Above the forest is the heather zone. Old gnarled trees, twisted by the harshness of wind and age, are draped with strands of lichen that resemble the long gray beards of old men. Here the mountainside opens, and giant heather flourishes. Tussocks of grass interspersed with clusters of brightly colored flowers make the countryside beautifully scenic.
Still higher above the tree line, the moorlands appear. Trees are replaced by unusual-looking plants called giant groundsels, which reach 13 feet in height [4 m], and lobelias, which resemble large cabbages or artichokes. Around boulders and rocky outcrops grow everlasting flowers, which are strawlike and dry to the touch and add some color to the otherwise silvery-gray landscape.

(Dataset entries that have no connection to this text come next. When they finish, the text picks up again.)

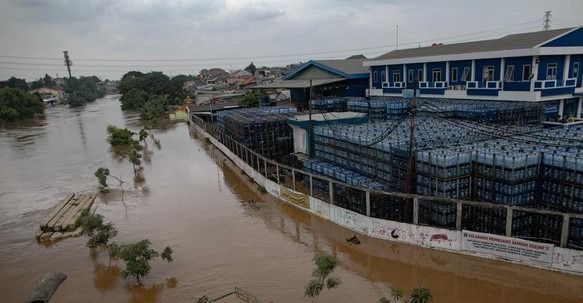 Banjir Terjang 29 RT di Jakarta Timur, Barat, dan Selatan, Ketinggian Air Capai 2,5 Meter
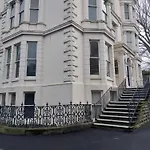 Easby Hall Apartment 4 - 2 Bed Bath And Ensuite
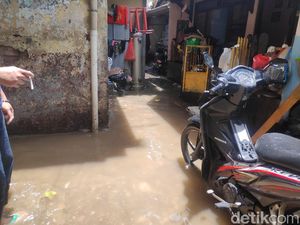 Bu RT di Jalan Anyer Menteng: Ini Banjir Paling Parah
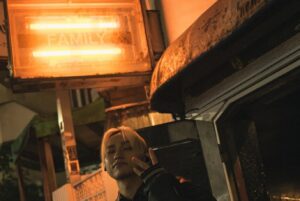 SKY-HI Instagram - ついに完結しました！

地方のライブハウスを回る企画、Round A Ground、遂に100公演。泣けるな。

最後は、ずっと決めてたんだけど、人生で初めてSKY-HIとしてラップをした渋谷Familyで、当時と同じくお客さん5人でのライブ。

すぐにアーカイブも上がると思うんで、ファンクラブ FLYERSで是非見てください。
Youtubeでもちょこっとあがるよ！

ここはもちろんの photo by @satoshihata87 

#RAG100
#RAGツアー
#SKYHI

Higher up, the moorlands give way to the alpine zone. The terrain is dull in color with tones of dark brown and gray. Few plants can take root in this sparse, dry environment. At this point the two main peaks, Kibo and Mawenzi, are connected by a large saddle of land that is a high-altitude desert, dry and rocky. Temperatures here are extreme, reaching up to 100 degrees Fahrenheit [38°C.] during the day and plunging to well below freezing at night.
Finally we reach the summit zone. Here the air is cold and clear. Against the dark-blue sky, large glaciers and ice fields stand white and clean, contrasting beautifully with the mountain’s dark terrain. The air is thin and has about half the oxygen content that is found at sea level. At the top of Kibo’s flat summit is the volcano’s crater, which is almost perfectly round and has a diameter of 1.6 miles [2.5 km]. Inside the crater at the very core of the mountain is a huge ash pit that measures over 1,000 feet [300 m] across and plunges hundreds of feet [120 m] into the throat of the volcano. Hot sulfuric fumes slowly rise into the frigid air from small fumaroles (smokeholes), testifying to the turmoil deep inside the sleeping giant.
Kilimanjaro’s sheer size and mass allow it to create its own climate. Moist wind, blown inland from the Indian Ocean across semiarid lowlands, hits the mountain and is deflected upward where it condenses and produces rainfall. This makes the lower slopes fertile for coffee plantations and food crops that sustain the people who live around the base of the mountain.
People living beneath the shadow of Kilimanjaro superstitiously believed that its slopes were the home of evil spirits that would harm anyone attempting to approach its icy top. This prevented the local people from trying to reach its summit. It was not until 1889 that two German explorers climbed the mountain and stood atop the highest point in Africa. The second peak, Mawenzi, which is technically more difficult to climb, was not conquered until 1912.
Today the experience of climbing Kilimanjaro is open to anyone in good health and is quite popular with visitors to East Africa. The Tanzanian park authorities have well-organized arrangements for those wishing to climb the mountain. Clothing and equipment can be hired. Trained porters and guides are available, and several lodges offer comfortable accommodations from the beginning to the end of a mountain-climbing safari. Situated on the mountain are well-built huts at different altitudes, which provide the climber sleeping accommodations and shelter.
To see Kilimanjaro in person is impressive and inspires contemplation. One can readily agree with the words about God: “He is firmly establishing the mountains with his power.” (Psalm 65:6) Yes, high and alone above Africa, Kilimanjaro stands as a lofty testimony to the power of the Grand Creator.